Je propose l'idée d'un contrat partenarial identifiant, pour chaque action, le porteur, les territoires et les publics cibles. Ce qui pose la question, complexe, de la gouvernance. Mais dès lors qu'il y a contractualisation, il faudra travailler en mode projet. Pour assurer la coordination et la solidarité financière, l'intercommunalité est l'échelon pertinent. Elle l'est aussi pour les transports. Pour la mise en oeuvre, c'est la commune, cellule de base, qui doit être privilégiée. Il faut des équipes techniques qualifiées, avec un soutien fort de l'ingénierie.
L'UDI, avec ses valeurs humanistes et centristes, a toujours considéré que la politique de la ville est essentielle pour construire la ville de demain. Sa complexité est aussi sa richesse. Elle doit allier l'accompagnement humain, le développement urbanistique et les services publics.

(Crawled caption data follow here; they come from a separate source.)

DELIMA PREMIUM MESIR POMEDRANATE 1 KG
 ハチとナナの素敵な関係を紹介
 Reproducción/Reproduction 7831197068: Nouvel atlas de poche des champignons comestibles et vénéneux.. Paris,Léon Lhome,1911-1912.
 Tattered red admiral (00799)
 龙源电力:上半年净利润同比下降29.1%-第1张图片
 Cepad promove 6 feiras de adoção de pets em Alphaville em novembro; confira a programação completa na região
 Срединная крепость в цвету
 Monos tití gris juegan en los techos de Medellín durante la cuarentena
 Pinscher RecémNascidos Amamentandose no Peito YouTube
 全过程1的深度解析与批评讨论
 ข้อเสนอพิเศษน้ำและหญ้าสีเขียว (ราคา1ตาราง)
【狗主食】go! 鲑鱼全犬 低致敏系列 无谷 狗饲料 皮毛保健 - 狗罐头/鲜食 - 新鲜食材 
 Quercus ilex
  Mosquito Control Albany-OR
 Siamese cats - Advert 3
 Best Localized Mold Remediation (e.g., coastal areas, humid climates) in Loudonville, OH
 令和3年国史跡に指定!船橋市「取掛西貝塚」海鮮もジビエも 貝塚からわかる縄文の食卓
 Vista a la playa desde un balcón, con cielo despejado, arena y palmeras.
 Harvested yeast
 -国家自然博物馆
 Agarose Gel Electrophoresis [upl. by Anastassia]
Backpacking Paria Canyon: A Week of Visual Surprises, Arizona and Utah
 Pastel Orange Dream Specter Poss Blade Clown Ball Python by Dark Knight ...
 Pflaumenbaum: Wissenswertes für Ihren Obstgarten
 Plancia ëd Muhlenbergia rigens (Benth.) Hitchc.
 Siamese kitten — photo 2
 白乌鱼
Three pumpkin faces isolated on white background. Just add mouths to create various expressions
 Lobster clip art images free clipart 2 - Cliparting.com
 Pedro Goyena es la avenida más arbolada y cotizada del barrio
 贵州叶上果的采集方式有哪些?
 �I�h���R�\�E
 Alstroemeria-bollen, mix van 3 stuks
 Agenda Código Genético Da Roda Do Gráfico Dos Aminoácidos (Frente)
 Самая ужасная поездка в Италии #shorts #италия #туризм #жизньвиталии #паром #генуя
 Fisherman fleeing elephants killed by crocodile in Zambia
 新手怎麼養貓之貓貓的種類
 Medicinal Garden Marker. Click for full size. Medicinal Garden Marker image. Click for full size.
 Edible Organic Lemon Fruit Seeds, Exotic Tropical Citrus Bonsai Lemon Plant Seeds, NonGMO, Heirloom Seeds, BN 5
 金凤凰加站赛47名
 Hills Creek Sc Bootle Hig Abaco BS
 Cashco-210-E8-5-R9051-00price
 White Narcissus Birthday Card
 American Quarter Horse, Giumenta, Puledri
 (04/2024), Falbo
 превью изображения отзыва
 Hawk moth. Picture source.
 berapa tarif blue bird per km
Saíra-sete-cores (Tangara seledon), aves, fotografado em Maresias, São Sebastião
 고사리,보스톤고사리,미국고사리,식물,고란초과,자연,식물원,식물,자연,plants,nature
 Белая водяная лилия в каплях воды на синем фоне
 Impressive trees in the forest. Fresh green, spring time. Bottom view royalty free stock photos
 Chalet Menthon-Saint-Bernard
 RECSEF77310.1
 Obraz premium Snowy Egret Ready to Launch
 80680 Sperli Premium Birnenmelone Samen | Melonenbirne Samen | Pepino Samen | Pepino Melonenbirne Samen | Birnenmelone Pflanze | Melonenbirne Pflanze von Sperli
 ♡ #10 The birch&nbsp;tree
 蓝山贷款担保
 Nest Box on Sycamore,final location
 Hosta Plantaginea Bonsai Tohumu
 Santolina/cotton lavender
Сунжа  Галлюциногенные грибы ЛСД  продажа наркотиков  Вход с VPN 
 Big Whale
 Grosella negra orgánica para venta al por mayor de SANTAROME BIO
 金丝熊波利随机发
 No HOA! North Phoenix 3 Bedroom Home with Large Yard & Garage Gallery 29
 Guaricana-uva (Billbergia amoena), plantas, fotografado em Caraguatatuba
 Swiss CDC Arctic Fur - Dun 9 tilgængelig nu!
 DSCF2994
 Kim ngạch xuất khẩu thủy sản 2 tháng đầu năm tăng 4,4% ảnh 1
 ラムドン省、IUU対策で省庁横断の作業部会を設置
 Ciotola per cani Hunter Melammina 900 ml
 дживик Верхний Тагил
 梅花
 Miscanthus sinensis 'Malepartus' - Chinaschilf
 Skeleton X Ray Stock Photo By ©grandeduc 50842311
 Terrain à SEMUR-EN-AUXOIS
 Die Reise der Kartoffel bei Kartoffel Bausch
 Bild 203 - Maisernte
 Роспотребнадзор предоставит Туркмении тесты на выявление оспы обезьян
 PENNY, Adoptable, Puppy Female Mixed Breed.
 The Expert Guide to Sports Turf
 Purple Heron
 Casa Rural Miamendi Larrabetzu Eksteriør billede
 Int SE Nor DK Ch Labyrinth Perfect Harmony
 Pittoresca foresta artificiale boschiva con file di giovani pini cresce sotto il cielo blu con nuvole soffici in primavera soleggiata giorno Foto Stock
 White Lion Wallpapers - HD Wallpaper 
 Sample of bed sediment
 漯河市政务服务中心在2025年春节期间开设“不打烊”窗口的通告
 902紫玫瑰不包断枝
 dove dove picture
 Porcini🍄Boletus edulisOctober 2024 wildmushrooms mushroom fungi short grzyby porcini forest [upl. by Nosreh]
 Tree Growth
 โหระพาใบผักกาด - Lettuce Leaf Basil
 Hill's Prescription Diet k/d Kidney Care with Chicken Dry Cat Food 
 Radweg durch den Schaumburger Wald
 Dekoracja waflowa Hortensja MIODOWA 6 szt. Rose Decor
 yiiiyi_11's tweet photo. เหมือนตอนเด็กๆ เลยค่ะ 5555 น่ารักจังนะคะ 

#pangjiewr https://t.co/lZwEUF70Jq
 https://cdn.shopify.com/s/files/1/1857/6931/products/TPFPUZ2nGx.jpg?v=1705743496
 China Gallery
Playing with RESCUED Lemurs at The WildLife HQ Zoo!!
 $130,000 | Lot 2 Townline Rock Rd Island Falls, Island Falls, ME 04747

Surtout, gardons un regard attentif sur les territoires qui sont encore fragiles : ne les laissons pas de côté au nom d'un recentrage. (Applaudissements sur les bancs UDI-UC)
M. Jean-Pierre Plancade . - Merci Monsieur Dilain de votre initiative et de votre rappel historique. Je me souviens de l'enthousiasme qui nous soulevait au commencement et je veux souligner à quel point, sans des élus locaux volontaires, la politique de la ville se serait étiolée. Je suis en plein accord avec vous lorsque vous rappelez que l'humain et l'urbain doivent aller de concert.
Les inégalités demeurent, et nous en portons tous la responsabilité. Les chiffres sont parlants : une personne sur trois sous le seuil de pauvreté et un taux de chômage des jeunes deux fois plus élevé que la moyenne nationale, le renoncement aux soins devenu monnaie courante, avec 15 % de personnes sans couverture maladie complémentaire : ces écarts entament la cohésion nationale. Il est temps de redéfinir les contours de l'action publique. Certes, il y a eu des réussites, mais l'empilement des dispositifs a conduit au saupoudrage, au détriment des populations les plus fragiles. Il faut une volonté interministérielle affirmée ; rendre leurs lettres de noblesse aux associations dans la politique de la ville ; prendre en compte les zones rurales -d'où notre proposition de loi à venir sur l'égalité des territoires.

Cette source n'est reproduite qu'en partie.